Source records>

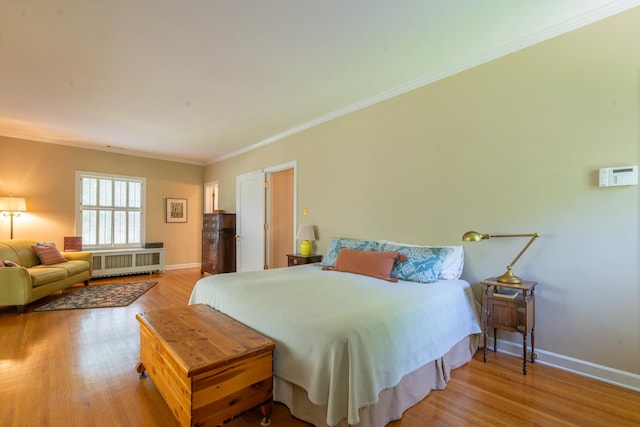 1286 W Stephenson St, Freeport, IL 61032 - bedroom featuring radiator heating unit, wood finished floors, and ornamental molding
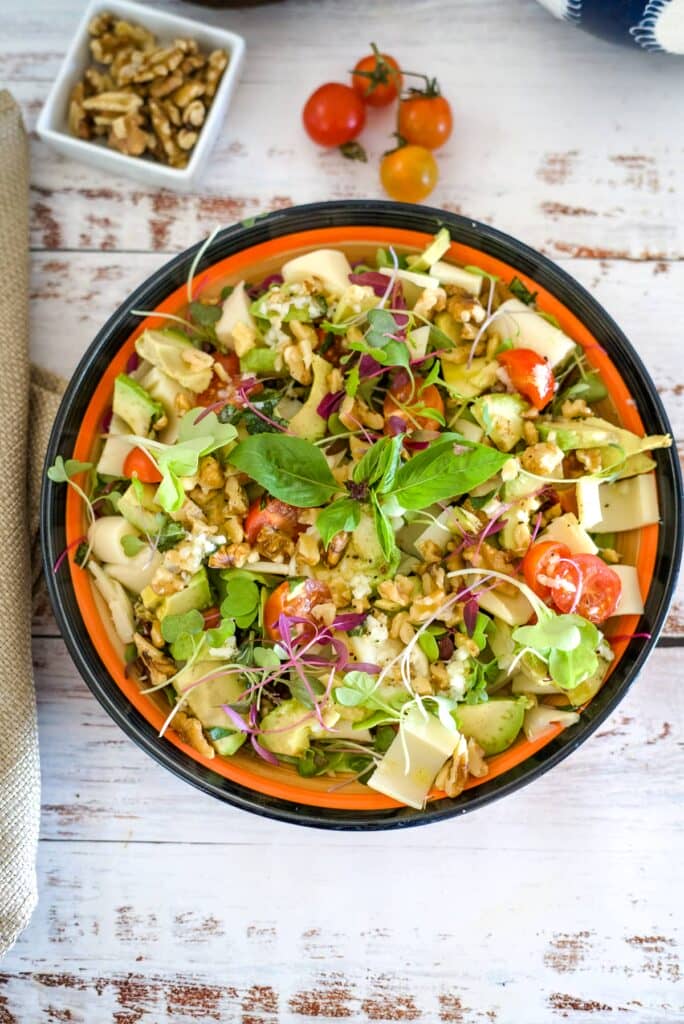 palm hearts, avocado, tomato and walnut salad in a serving bowl.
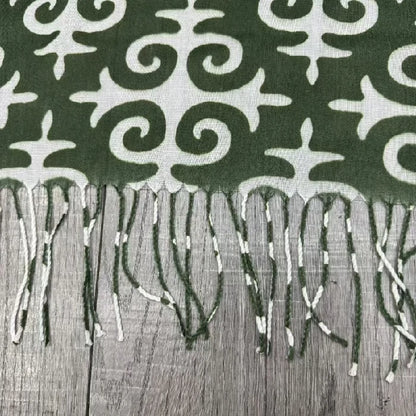 Green cross-stitch square scarf with tassels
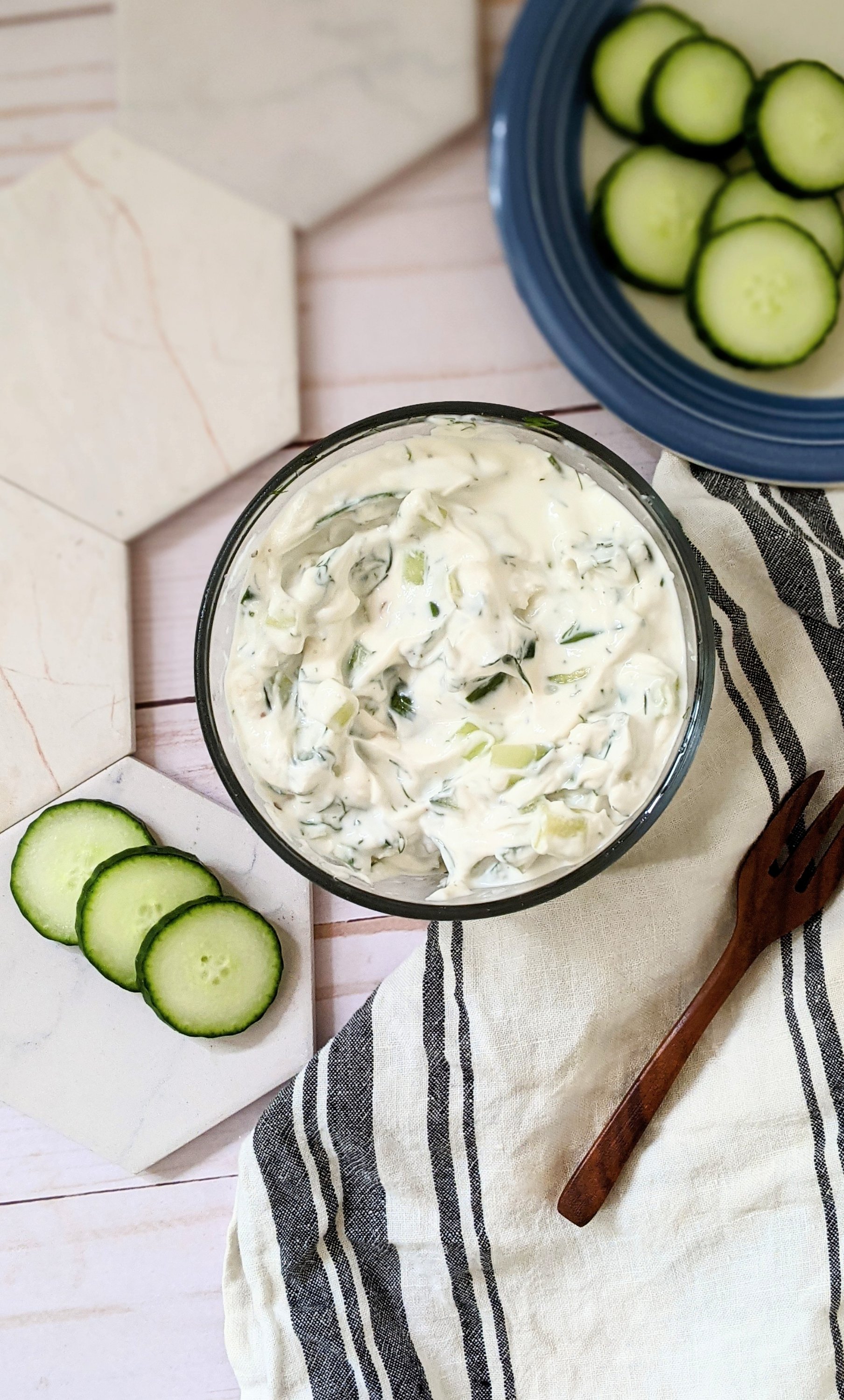 tzatziki with sour cream dill yogurt cucumbers and fresh chopped herbs on a plate with freshly sliced cucumbers and a fork.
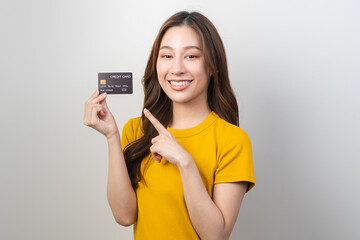 Portrait of smiling pretty brunette asian young woman, girl student in yellow casual hand holding, showing credit card  for buy, payment purchase to shopping, copy space isolated white background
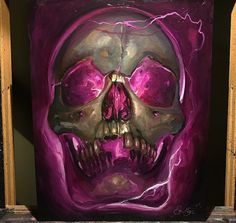 a painting of a skull in purple and gold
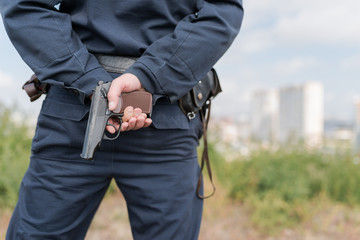 Detail of a police officer holding gun. Selective focus with shallow depth of field.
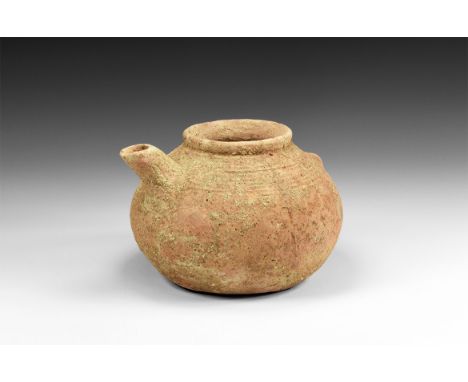 3rd-2nd millennium BC. A ceramic coarse grained red ware vessel with wide mouth and rolled rim; bulbous body with vertical li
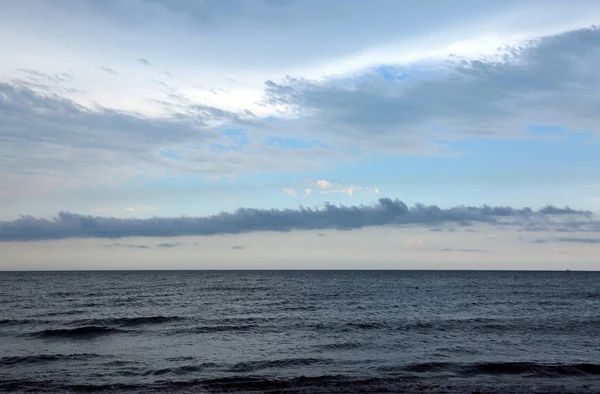 Landschaft mit Meer und weißen und dunklen Wolken — Stockfoto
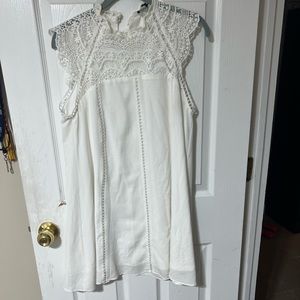 white dress with crochet lace neckline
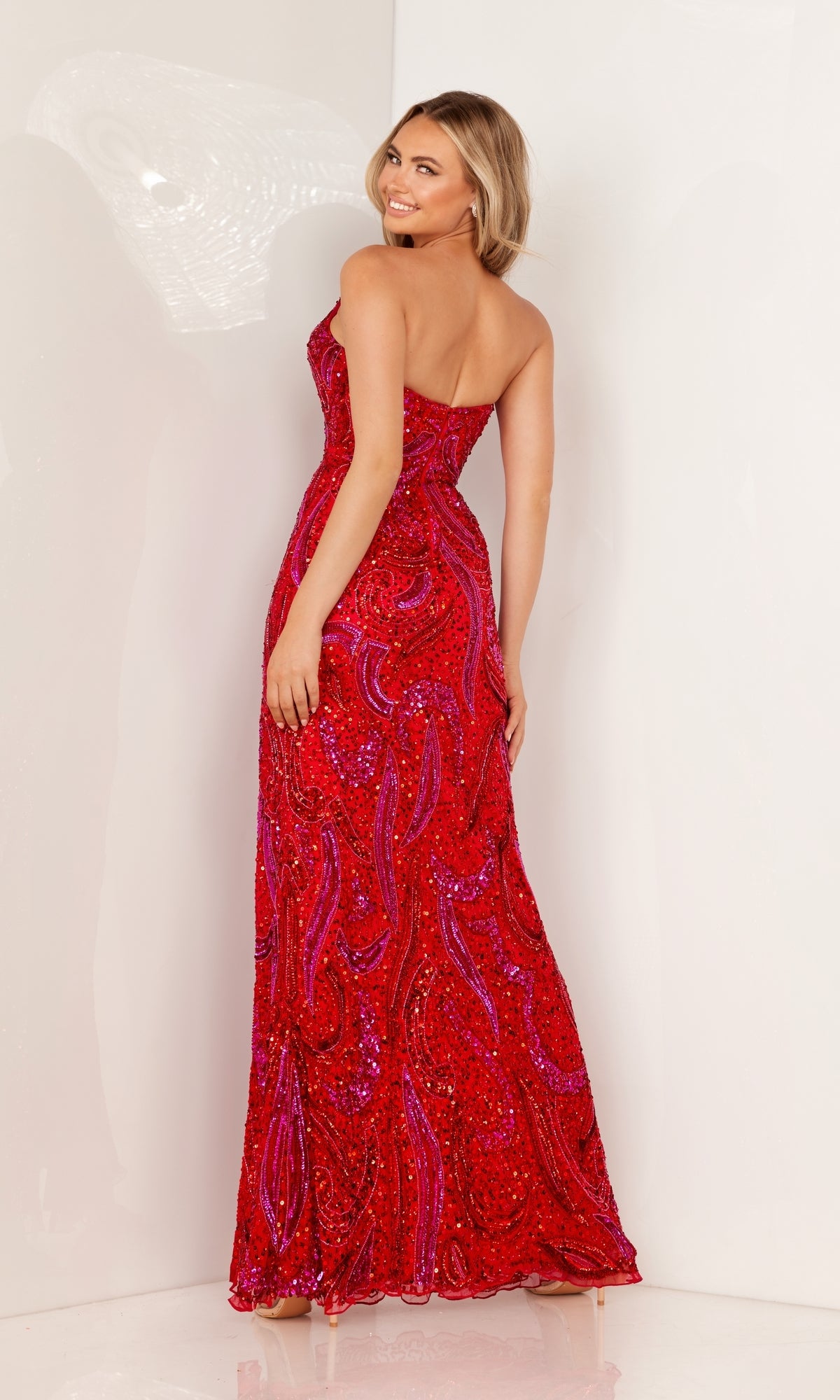 Wearing the Strapless Sequin-Print Long Prom Dress 1105, a woman stands against a white background, smiling as she looks over her shoulder and shows off the dress's fitted silhouette.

Task directions> Find the line containing "white dress with crochet lace neckline" in the records above, then copy it and every line after it exactly, through the last one, without any pictures.

Expected answer>
 white dress with crochet lace neckline
 Wearing the Strapless Sequin-Print Long Prom Dress 1105, a woman stands against a white background, smiling as she looks over her shoulder and shows off the dress's fitted silhouette.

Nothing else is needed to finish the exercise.